Whether you’re regularly delivering products to your customers, or you rely upon shipping to import goods; it’s important to have a good understanding of how this market works in the current climate. For example, do you know about the rules and restrictions placed upon you when you’re importing goods from another country? If you don’t, you could end up putting your business in jeopardy as you branch out towards an international marketplace.
Below you’ll discover everything you need to know about international e-commerce shipping.
Costs and taxes
While technology has made it a lot easier for small businesses to expand on a global level, it hasn’t necessarily taught them what this actually involves. In terms of costs, you not only have to think about the general cost of shipping, but also any taxes and duty costs that might apply.
In the world of e-commerce shipping, this is known as “landed cost”. It’s vital you work out what your landing costs are going to be before you decide how much to price your products and how much to charge the customer for shipping. If you don’t double check the costs before sending a parcel, the courier could ask the customer to pay the additional fees – something they are likely to refuse!
Another very important thing to determine is whether there are any restrictions on the goods you wish to import. If you are importing goods from Japan for example, some types of products will require an import license. TNT has a great short guide to help when importing goods from Japan. You can also find a great list of restricted goods on the Gov.UK website.

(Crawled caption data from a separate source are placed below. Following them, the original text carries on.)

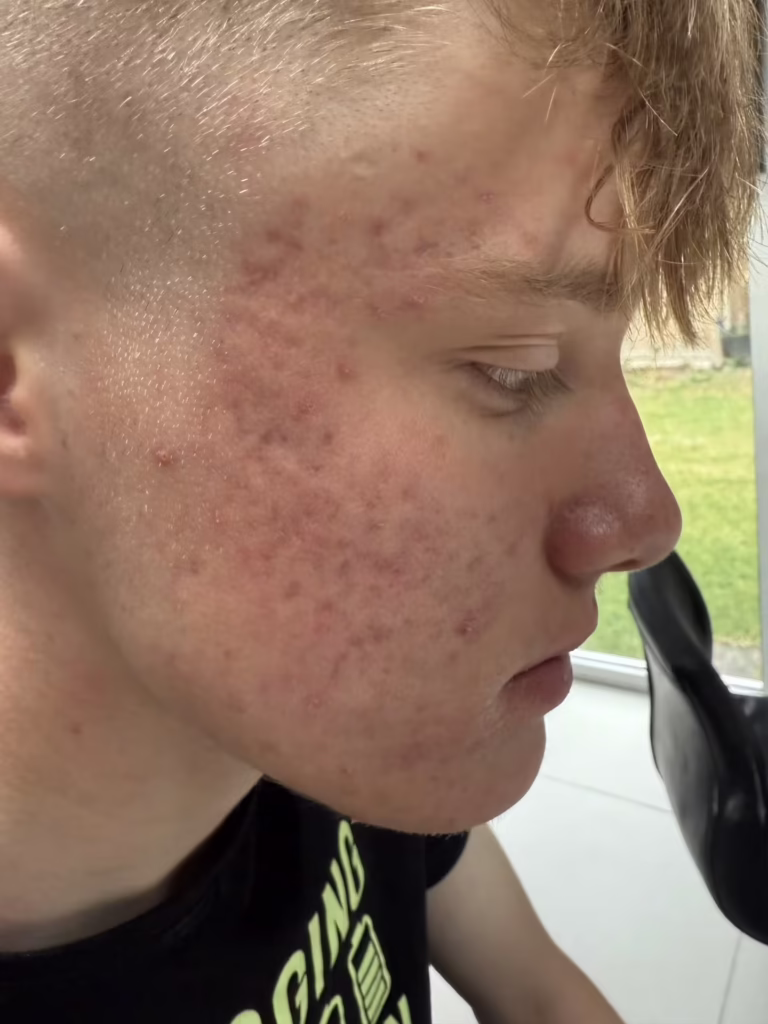 acne image 3 May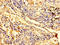 Zinc Finger Protein 559 antibody, A61962-100, Epigentek, Immunohistochemistry paraffin image 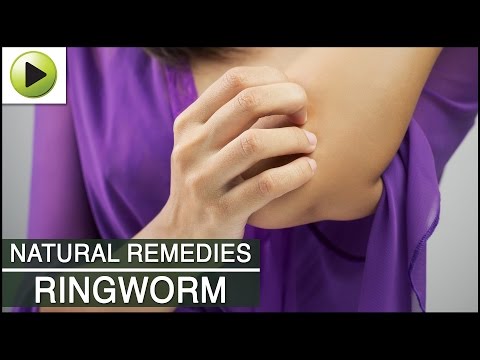 how to remove ringworm
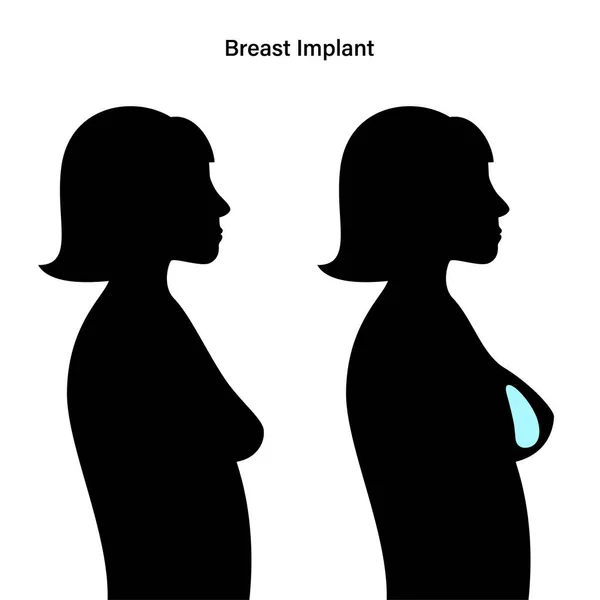 Concept d'implant mammaire — Image vectorielle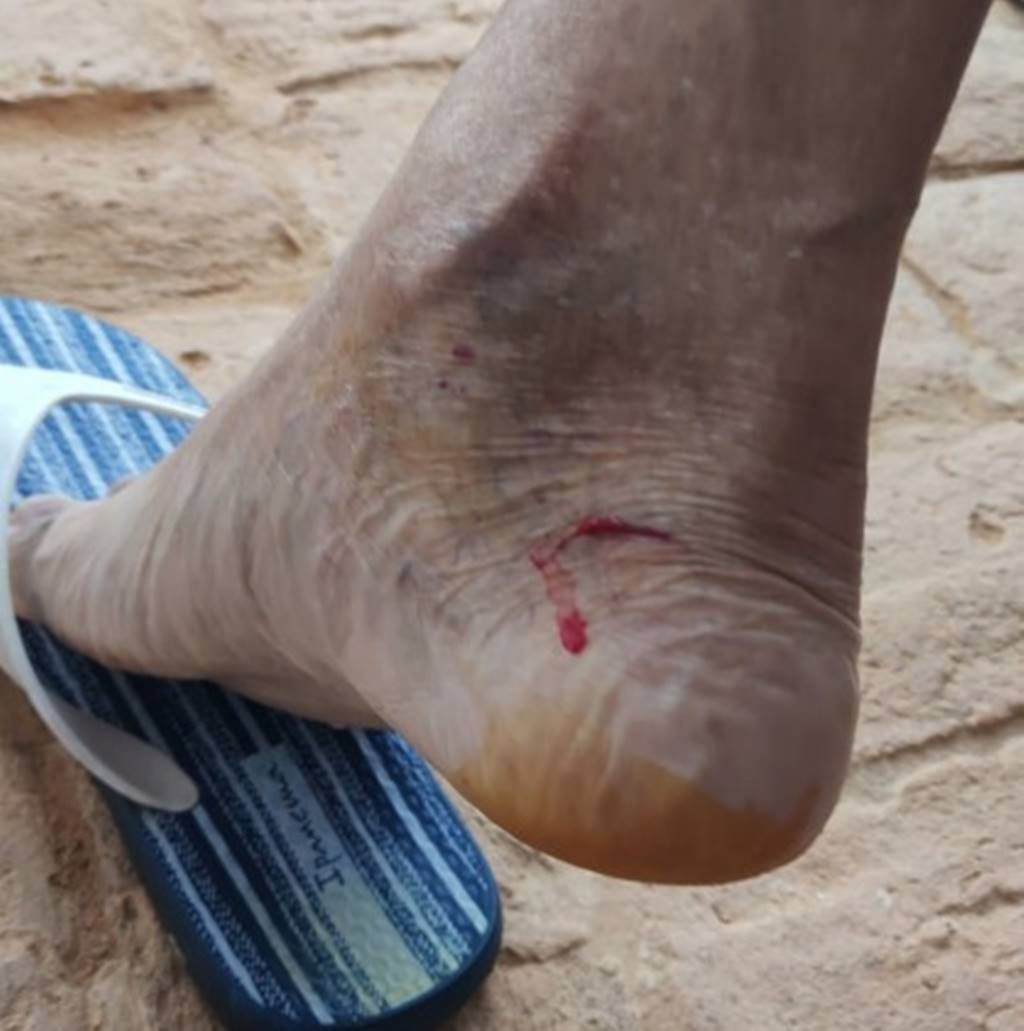 Ferimento causado pelo cachorro de Bianca ao senhor Hoziel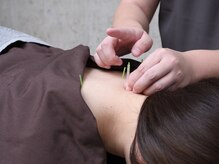 鍼灸院くろえ 大阪江坂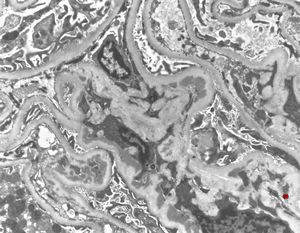 F,29y. | IgA nephropathy (purpura Henoch-Schonlein) F,29y. | IgA nephropathy (purpura Henoch-Schonlein)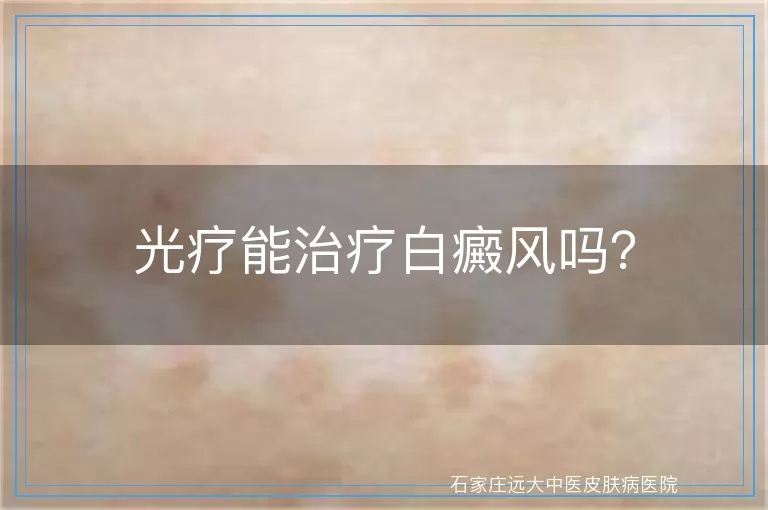 光疗能治疗白癜风吗？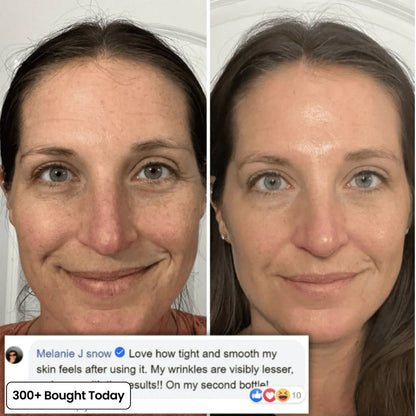 🔥LAST DAY 60% OFF🎁Seurico PDRN Pink Collagen Volume Multi Anti-Aging Balm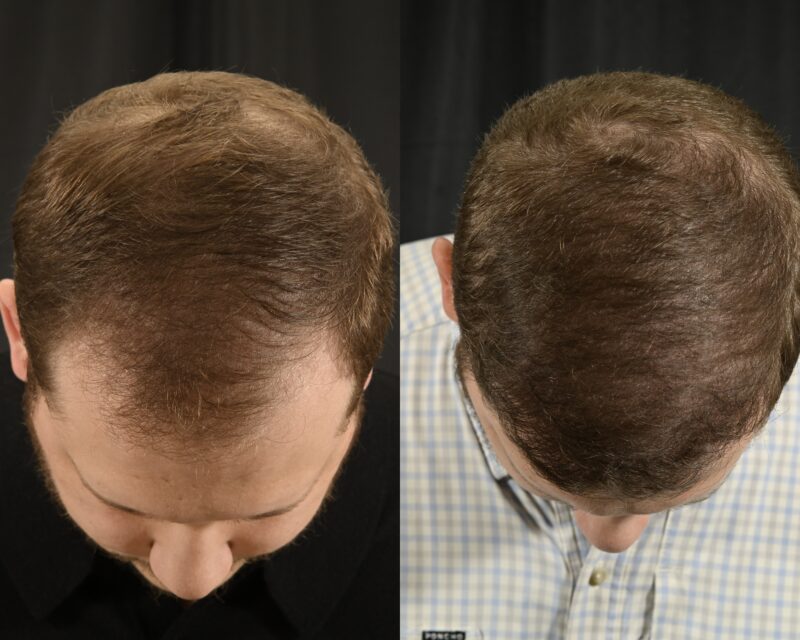 Hair Transplant Before & After #10 image 4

With international shipping, timing is everything. Customers expect to receive their goods as quickly as possible. Now, generally shipping from a foreign country can take week, especially when you’re having goods shipped from Asia. However, there are faster shipping options available to you; you just need to make sure you’re charging enough to cover the costs.
Overall, there are a lot of things to consider when dealing with international e-commerce shipping. Many small businesses end up losing a lot of money simply because they fail to understand the basics behind foreign shipping. The above are three of the most important factors to consider if you want to avoid being one of them, or if you have any aspirations of thriving in the competitive e-commerce space.